Een campagne van de papier- en kartonindustrie om op je handen te letten. Klinkt logisch, met machines vol messen en tanden. Maar zo vanzelfsprekend is dat niet, zegt Jelte Belshof van het Verbond Papier en Karton. ‘De machines zijn volgens de Arbo-coördinatoren niet het grootste probleem.’
Zo’n campagne lijkt mij toch geen overbodige luxe met al die grote productie- en verwerkingsmachines?
‘Dat zou je als leek misschien denken, maar de afgelopen jaren is er zoveel gedaan aan bescherming rondom machines, dat werknemers nauwelijks meer in de buurt kunnen komen van gevaarlijke delen. Toen wij het idee van een handletselcampagne voorstelden, kregen we dat ook meteen van onze Arbo-coördinatoren te horen.’

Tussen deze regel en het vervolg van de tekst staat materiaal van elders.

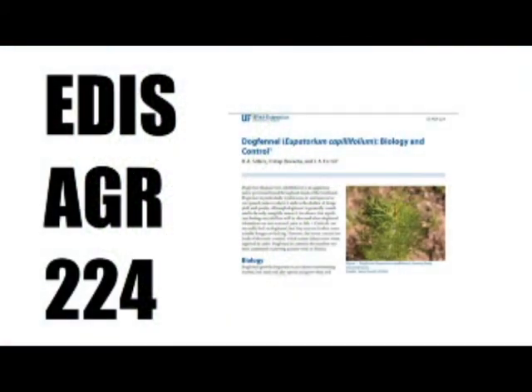For more information on dog fennel and its control, search EDIS AGR-224.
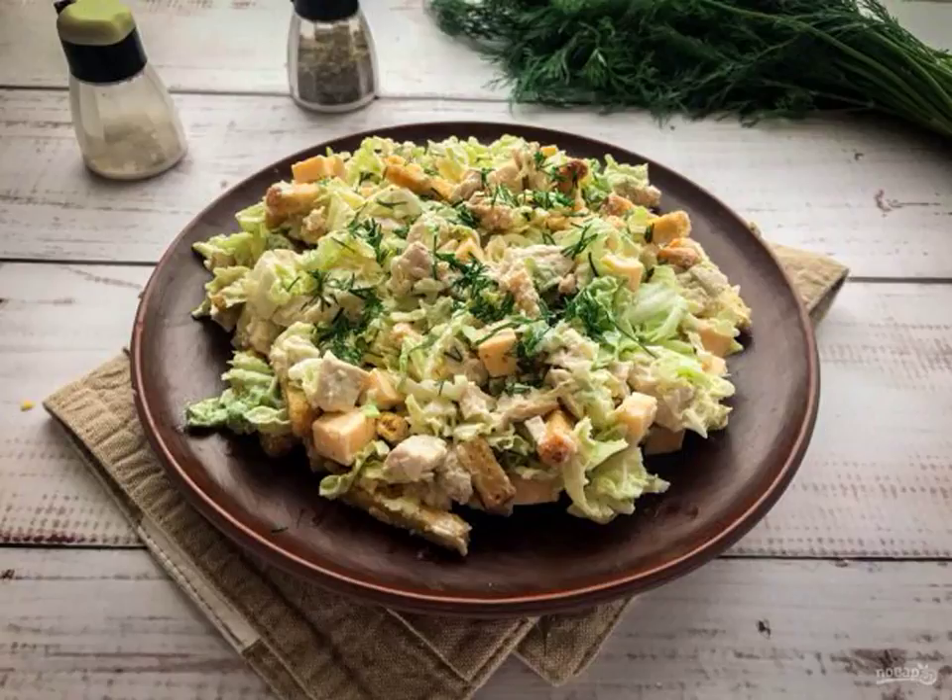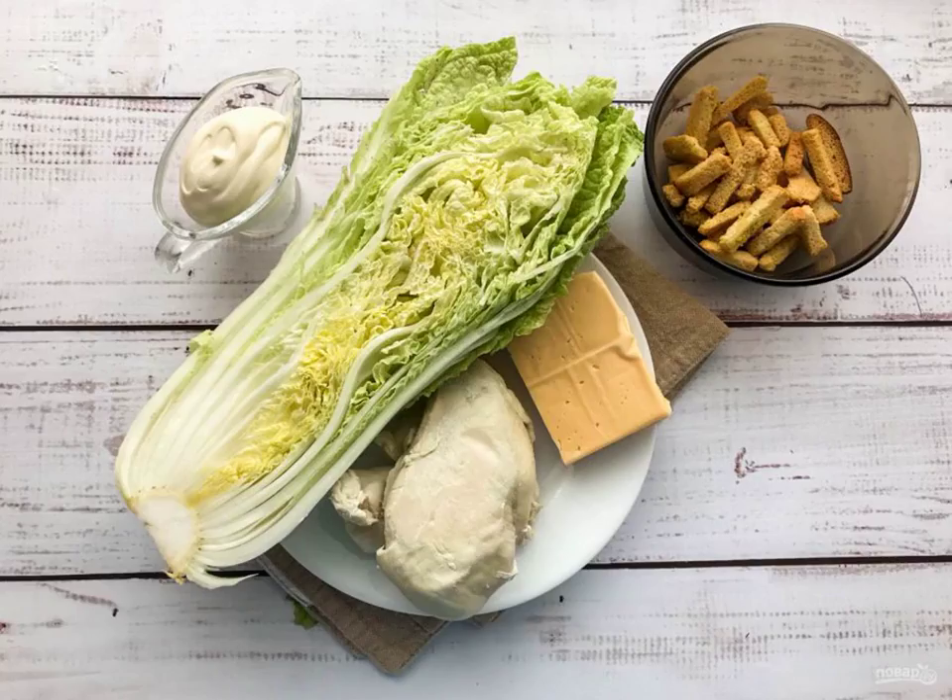Today I propose to prepare a simple and delicious salad of Peking cabbage with chicken and crackers. The dish is ideal for a festive table, as well as for an ordinary family lunch or dinner. Prepare all the necessary ingredients for making a salad of Peking cabbage with chicken and crackers.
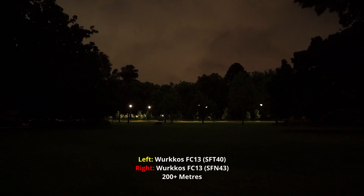Two different workhorse FC13s here. On the left I'll do the SFT40 version and on the right I'll do the SFN43 version, which I think is similar in terms of brightness to the XHP 50.2 version. Let's turn them both onto high first.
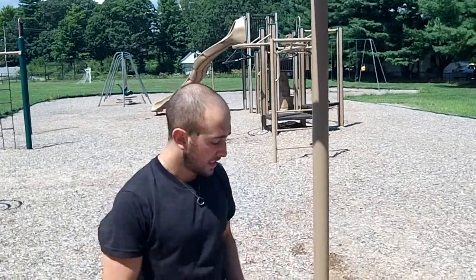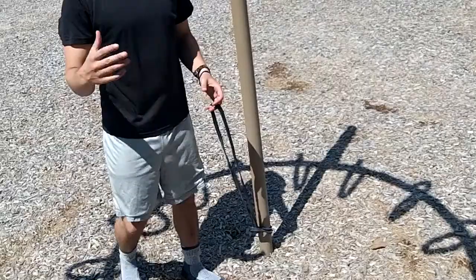Okay guys, so this is going to be the band resisted chin-up. So if chin-ups are easier for you and you need to add some resistance but you don't have any weight, this is what you can do. Now this isn't ideal.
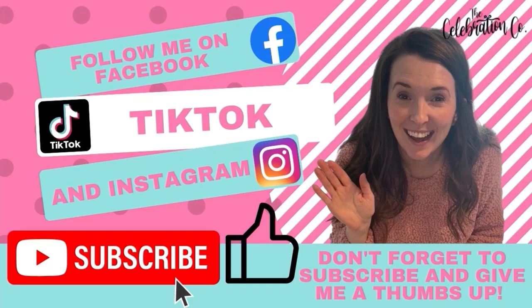Hey everyone, it's Kayla with The Celebration Company and I've got something fun for you today. Don't forget to subscribe to my channel and give me a thumbs up. Also be sure to check me out on Facebook, TikTok, and Instagram for a lot of other fun ideas just like this one.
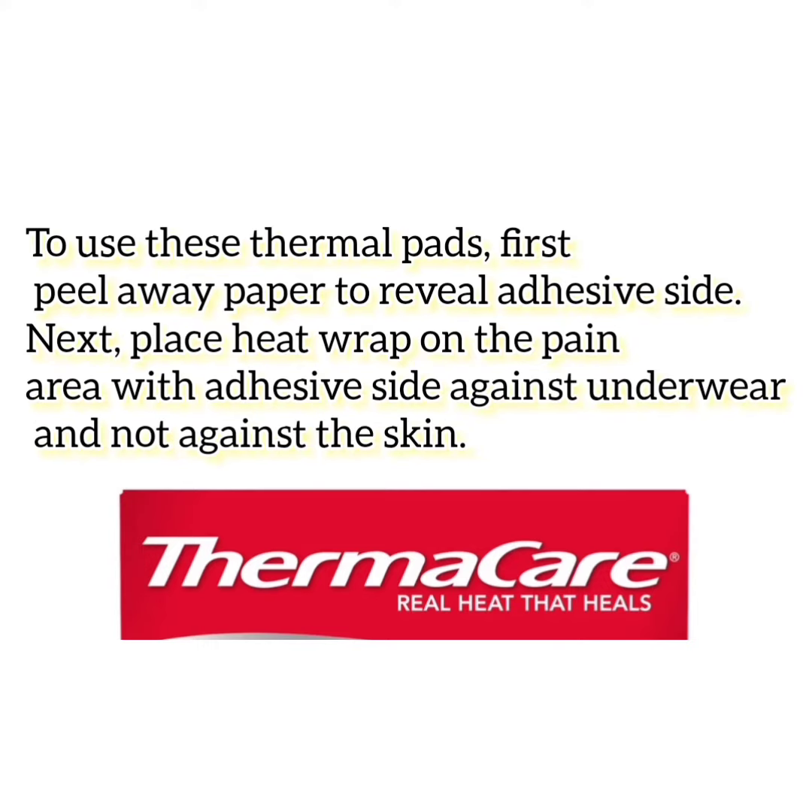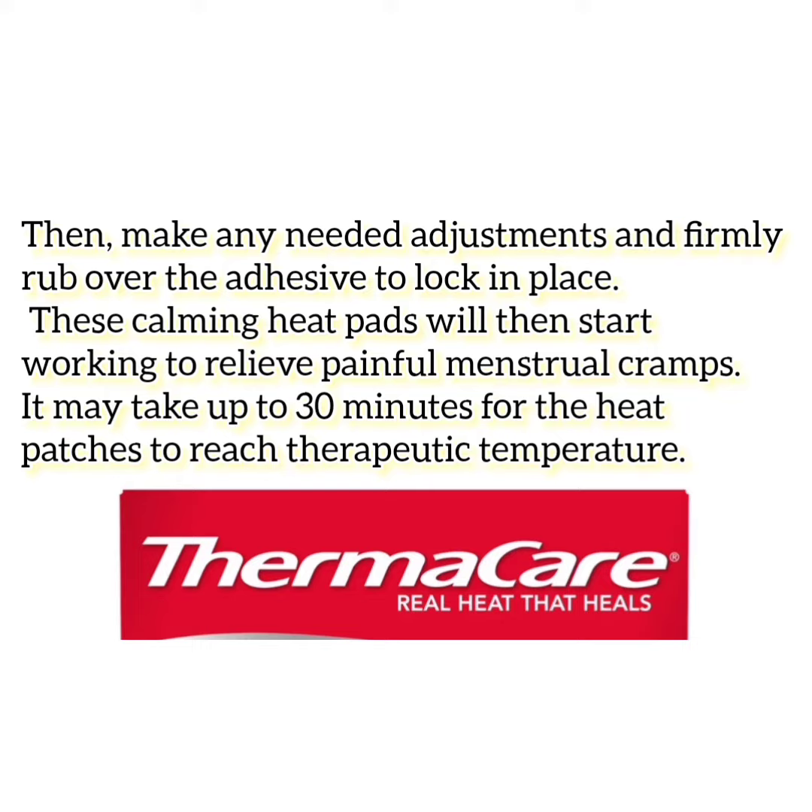To use these thermal pads, first peel away the paper to reveal the adhesive side. Next, place the heat wrap on the pain area with the adhesive side against underwear and not against the skin. Then make any needed adjustments and firmly rub over the adhesive to lock in place. These calming heat pads will then start working to relieve painful menstrual cramps.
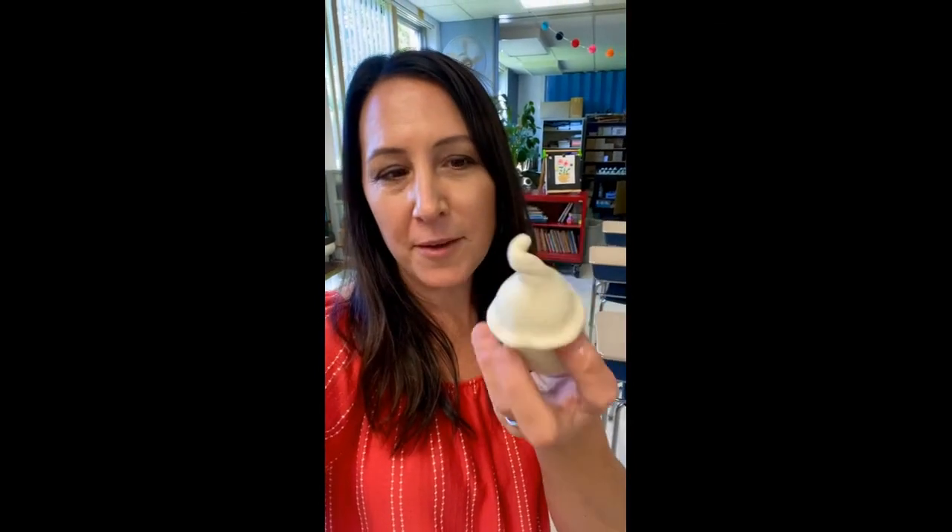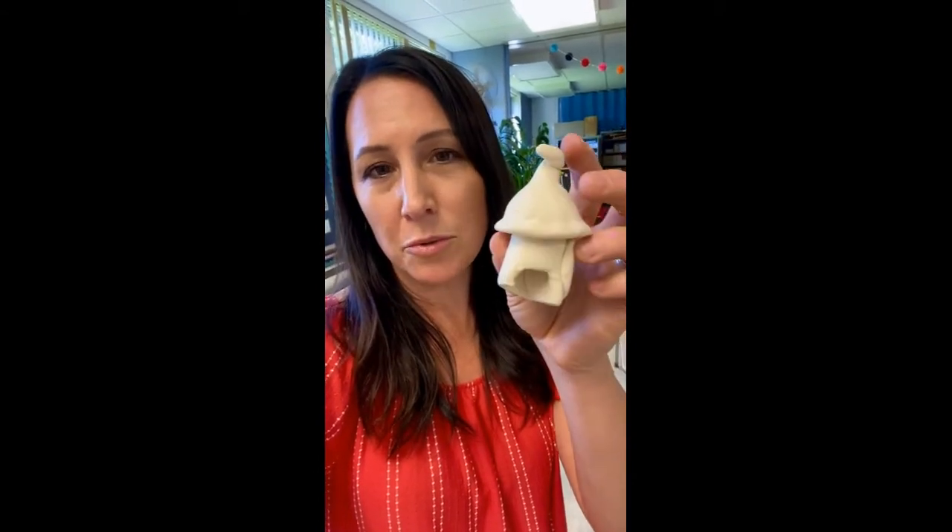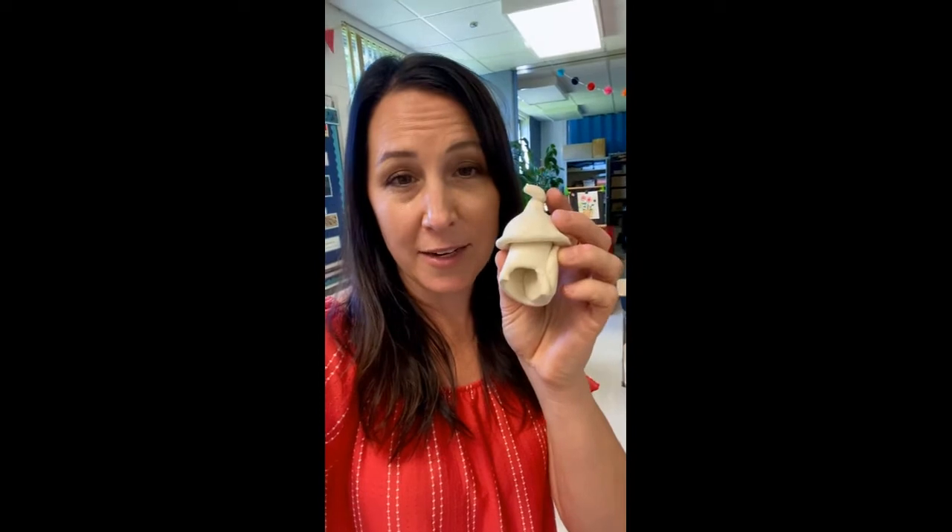A lot of you have sent me messages saying you finished your little gnome home — hopefully you've enjoyed that. So I have one here. What's fun about these is with the Model Magic, we are doing a slab. You were able to roll the slab and then we also made the pinch pot, so it's taking two things we've learned in the past and combining them. That's really fun.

Waarom dan toch zo’n actie?
‘De brancheorganisaties in onze sector houden al tien, twintig jaar cijfers bij over het aantal ongevallen op het werk. Toen wij daar vorig jaar eens naar gingen kijken vanuit de vraag: welk type letsel komt nu het meest voor, zagen we dat het voor zo’n 40 procent ging om allerlei verschillende soorten handletsel. Dat kan gaan om snijden aan een scherp deel, maar ook om problemen met chemische stoffen zoals gemorste drukinkt. Of werknemers die tijdens onderhoudswerk met hun handschoen vast kwamen te zitten en zo letsel op liepen. Dat klinkt tegenstrijdig, maar soms is het dus veiliger om juist geen handschoen aan te hebben.’
'Soms is het veiliger om juist geen handschoenen aan te hebben'
Wat vindt de achterban er van?
‘De eerste reacties die we kregen waren meteen heel enthousiast. Ik heb veel positieve mailtjes van bedrijven gekregen over de folders, de posters en het andere voorlichtingsmateriaal. Als ik zie dat het merendeel van bij ons aangesloten bedrijven mee doet, ben ik daar wel trots op. Daar doen we het tenslotte voor.’
À propos, over ‘we’ gesproken, wie bedoelt u daar dan mee?
‘Dit is een campagne van de hele sector. Het is bedacht en uitgerold vanuit het Verbond Papier en Karton, waarin de brancheorganisaties VNP, Kartoflex en CBA samenwerken met vakbonden FNV en CNV. We hebben de campagne verder ontwikkeld met een reclamebureau om de goede strategie en toon te bepalen. Dat was erg belangrijk.’
Welke tips heeft u voor brancheorganisaties die nu geïnspireerd raken?
‘Ik kan zeggen wat voor ons goed werkte: wij waren goed voorbereid. Ik denk dat wij dicht op de Arbo-coördinatoren zitten, we zien en spreken ze vaak. Daardoor weten we goed wat de behoeften zijn en dat konden we onderbouwen met statistieken. In de campagnewerkgroep zaten niet alleen Arbo-mensen, maar ook personeelsleden uit de verschillende bedrijven die weten hoe er bij hen op de werkvloer wordt gecommuniceerd, zodat we daarop aan konden sluiten. Daar hebben we veel aan gehad.’
Hoe nu verder, komen er meer campagnes?
‘We kregen al snel uit onze achterban te horen dat daar meer ideeën leven voor voorlichting. Zo werden campagnes geopperd met werken met heftrucks als thema en over valrisico. Dingen die op zich goed geregeld zijn, maar waar je op de werkvloer aandacht aan moet besteden omdat je altijd voorzichtig moet blijven.’